In Michigan, the most populous of the states holding primaries August 4, Tlaib won renomination easily, defeating Detroit City Council President Brenda Jones. With about 90 percent of the vote, Tlaib had a 2-1 lead, 63,650 to 32,582. Turnout was much heavier than in 2018, when Tlaib defeated Jones by fewer than 1,000 votes in the contest to succeed John Conyers in the westside Detroit seat. The increased turnout was largely due to mail ballots, which were made available by the state on request because of the coronavirus pandemic.

It is notable that Jones had little success with an openly race-based appeal, claiming that the predominately African-American district should be represented by a black congresswoman rather than a Palestinian-American like Tlaib. Jones received nearly the same vote as in 2018, while Tlaib’s vote more than doubled.

While Bernie Sanders and Justice Democrats celebrated the victory, virtually the entire Democratic political establishment also backed Tlaib, including House Speaker Nancy Pelosi, the Michigan AFL-CIO, and the United Auto Workers. She was also backed by the Wayne County Democratic Black Caucus.

In the Grand Rapids-based seat left open by the retirement of Republican Justin Amash, who left the party and supported the impeachment of President Trump, Peter Meijer won the Republican primary. A grandson of the founder of the supermarket chain bearing his name, Meijer is a 32-year-old Army veteran of Iraq and Afghanistan, a Republican version of the CIA Democrats who played a major role in the outcome of the 2018 congressional elections.

Statewide, mail-in ballots contributed to a significant increase in turnout. Some 2.1 million voters requested absentee ballots for the primary, four times the total for the 2016 primary, and nearly 1.6 million ballots were returned, more than in the 2016 general election. Both the counting of the mail ballots and the in-person voting—much reduced and conducted on the basis of social distancing—were carried out without significant problems, according to press reports and state officials.

The other representative defeated for renomination Tuesday, Republican Steve Watkins of the Second Congressional District in Kansas, was effectively removed by his own party establishment because he was viewed as vulnerable due to erratic personal behavior. He has been charged with four counts relating to vote fraud because he gave a UPS store as his home address when he registered to vote last year.
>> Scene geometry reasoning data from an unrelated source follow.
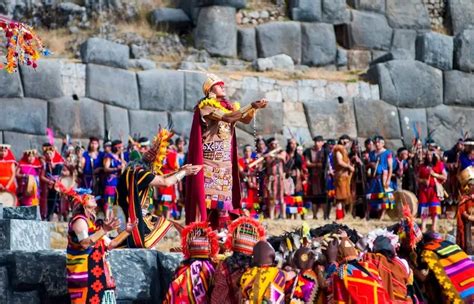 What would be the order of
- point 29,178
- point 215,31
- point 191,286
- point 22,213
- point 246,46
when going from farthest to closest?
point 246,46 < point 215,31 < point 29,178 < point 22,213 < point 191,286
Given the phony claims of vote fraud emanating from the White House and the Trump reelection campaign, having a Republican candidate indicted for vote fraud was a political embarrassment. State Treasurer Jake LaTurner challenged Watkins for renomination and won the primary easily, 49 percent to 34 percent, with a third candidate taking the balance. LaTurner will face the Democratic mayor of Topeka, Michelle De La Isla, for a seat that Watkins won only narrowly in 2018.

Also in Kansas, Representative Roger Marshall won the Republican Senate nomination, defeating the fascistic former state official Kris Kobach, who lost the state’s gubernatorial election in 2018 to Democrat Laura Kelly. The Senate seat, held by the retiring Pat Roberts, has been held by the Republican Party for a century. Marshall will face a well-financed Democratic opponent, Dr. Barbara Bollier, a longtime Republican state legislator who recently switched parties.

One other political event of August 4 was the announcement of final results of a handful of close races from the June 23 primaries in New York state, where the counting of mail-in ballots was delayed by legal challenges. In one of the wealthiest congressional districts, covering the Upper East Side of Manhattan, 14-term incumbent Carolyn Maloney was declared the Democratic winner over challenger Suraj Patel. In the poorest congressional district in America, in the south Bronx, city councilman Ritchie Torres won a 12-way race for the Democratic nomination.

President Trump had repeatedly cited the delay in determining the winner of the Maloney-Patel contest as evidence that mail balloting would lead to months of delay in declaring a winner in the November 3 presidential election.